In fact, in each astrological age the signs have different characters, according to the order of appearance in the sky of the zodiac starting in the moment of the vernal equinox at March 21st.
An astrological age lasts 2160 years. During such a vast period it seems that the character of each sign “has always been as it is”, but if we dig a little in history we will find that the zodiac we know is a mixture of different traditions from different periods of time, some of which had high connections of timeless truth and therefore are still relevant – and some that are not.
And so, for us to understand how come the character of the signs can change, let us take a look at the sign of Taurus.
The age of Taurus began about 6000 years ago. This means that on the day of the vernal equinox, March 21st 6000 years ago, at sunrise, Taurus was located at the place where the sun was rising, and thus was the first sign of the zodiac.
This was the time in which writing began with ‘A’, the first letter, depicting the first constellation seen in the skies at the spring equinox: Taurus. The letter A looks just like the constellation of Taurus looks in the skies, and resembles a bull’s head with its horn, but upside down. In Turkey temples to the bull god were built. In Phoenicia the main god, Adad, was depicted riding a bull.
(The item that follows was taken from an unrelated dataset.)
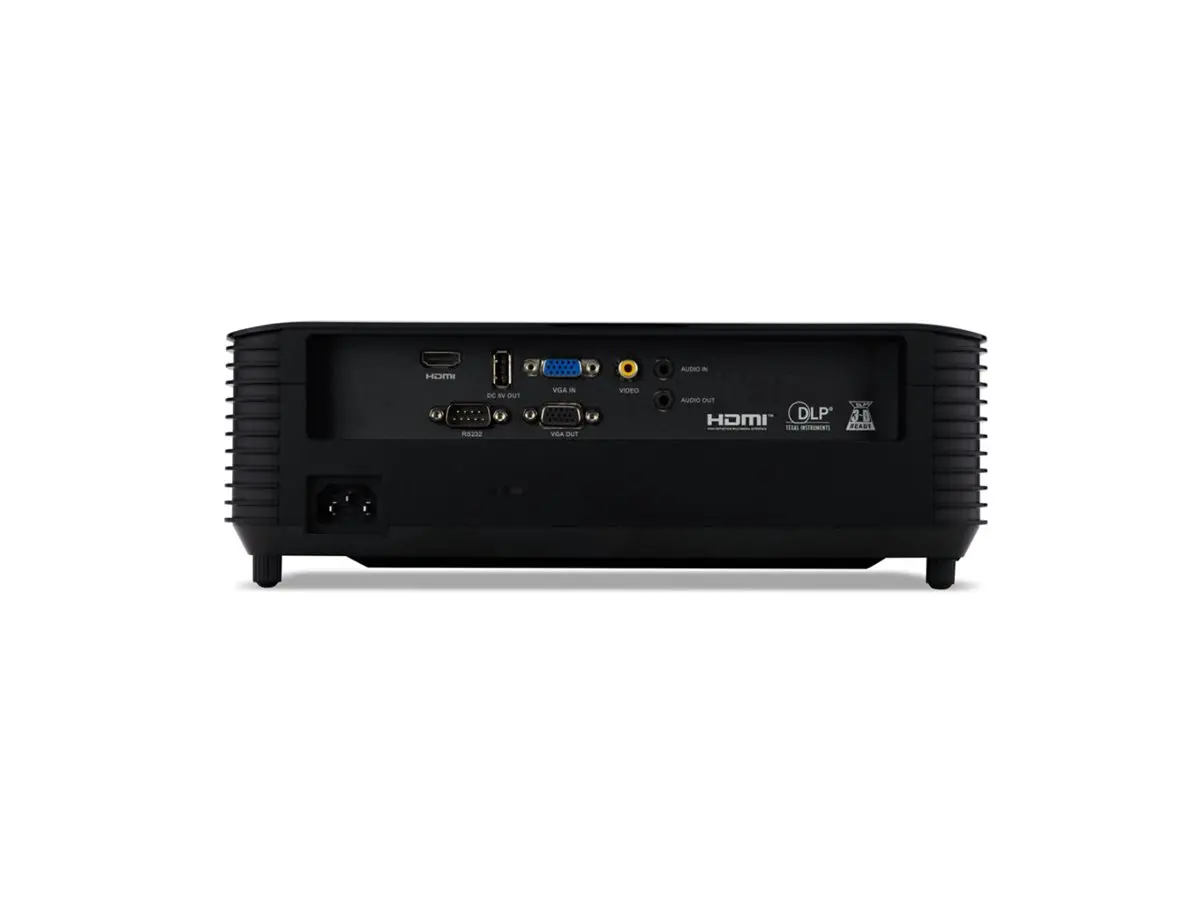 Proiector multimedia, Acer Projector X129H, DLP, XGA (1024x768), 4800 ANSI Lumens, 20 000:1, 1.1x, 3D ready, HDMI 1.4, VGA, DC Out (5V/2A, USB-A) - image 4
In Mesopotamia bull-gods were common, and also in Egypt. The bull-god was always a major god, masculine, strong and prominent. In this period the Vedic religion also began. We can still see the veneration of the cow in Hinduism today.
But 4000 years ago the
re was a significant changeover. Over thousands of years the astrological wheel drifted slowly, each 72 years dropping one degree backwards, so slowly as to be hardly perceptible in a single lifetime. Then on one morning on the 21st of March about 4000 years ago, the sun rose in the constellation of Aries.
Aries then became the influential first sign of the zodiac. This was the time of the arising of Judaism. The prosperity of herds and herding cultures and the image of the “good shepherd”, long before Christianity, with Hebbel, the three patriarchs Abraham, Isaac and Jacob, and Moses, as told in the stories of the old testament. The ritual of sacrificing a lamb had its origins in the age of Aries, as did the use of a ram’s horn as part of the religious ritual of ‘Yom Kippur’.
As Aries became the “alpha” sign, Taurus made the transition from the masculine, powerful, leader number 1, to become the second sign of the Zodiac, slowly changing its nature to depict the qualities of the number 2.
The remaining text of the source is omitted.